Assignment 2 -- Grammar Writing

Due date: 16 May, 2018, Midnight.

(the assignment is based on an assignment by Jason Eisner at JHU)

This assignment will help you understand how CFGs work and how they can be used -- sometimes comfortably, sometimes not -- to describe natural language. It will also make you think about some linguistic phenomena that are interesting in their own right.

You will submit a file in PDF format, called ANSWERS.pdf. It should contain your name and ID number. Whenever the assignment says "discuss..." or "describe..." it means that you should write a discussion or description in that file (indicate clearly which question you are answering).

Part 0 -- Generating Sentences from a CFG (1 point)

We provide you with a python program generate.py that generates sentences from a grammar.

Download the basic grammar file grammar. Look at it and its format. Now, generate sentences from it using the generate.py program:

python generate.py grammar

(generate takes as argument a grammar file, and generates a sentence from it.)

The format of the grammar file is as follows:

    # A fragment of the grammar to illustrate the format.
    1 ROOT S .
    1 S NP VP
    1 NP Det Noun # There are multiple rules for NP.
    1 NP NP PP
    1 Noun president
    1 Noun chief of staff

corresponding to the rules

    ROOT -> S .
    S -> NP VP
    NP -> Det Noun
    NP -> NP PP
    Noun -> president
    Noun -> chief of staff

Notice that a line consists of three parts:

a number (ignore this for now)
a nonterminal symbol, called the "left-hand side" (LHS) of the rule
a sequence of zero or more terminal and nonterminal symbols, which is called the "right-hand side" (RHS) of the rule
A hash sign (#) indicates a comment, and everything after it is ignored.

We take ROOT to be the root of the grammar -- every generation begins with ROOT.
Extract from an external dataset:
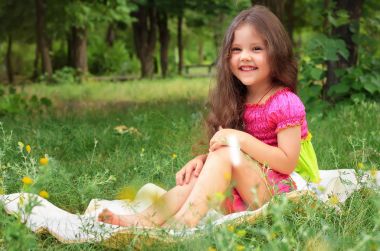 Bir çim üzerinde küçük güzel oturan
Look at the generate.py program code and understand it. Extend the program so that it accepts and optional argument (indicated by -n) that specifies the number of sentences to generate. For example, the invocation: python generate.py grammar -n 5 will generate 5 sentences, python generate.py grammar -n 2 will generate two sentences, and python generate.py grammar will generate one sentence, as it does now.

Each sentence should be printed on its own line.

(the list sys.argv includes the commandline arguments of a python program. You can either take care of the commandline processing logic yourself, or use a module such as docopt.)

Part 1 -- Weights (9 points)

a. Why does the program generate so many long sentences? Specifically, what grammar rule is responsible and why? What is special about this rule? discuss.

b. The grammar allows multiple adjectives, as in the fine perplexed pickle. Why do the generated sentences do this so rarely? discuss.

c. The grammar format allows specifying different weights to different rules. For example, in the grammar:

    3 NP A B
    1 NP C D E
    1 NP F
    2 X NP NP

The tree NP rules have relative odds of 3:1:1, so when generating an NP, the generator will pick the first rules 3/5 of the times, the second one 1/5 of the times, and the third one 1/5 of the times.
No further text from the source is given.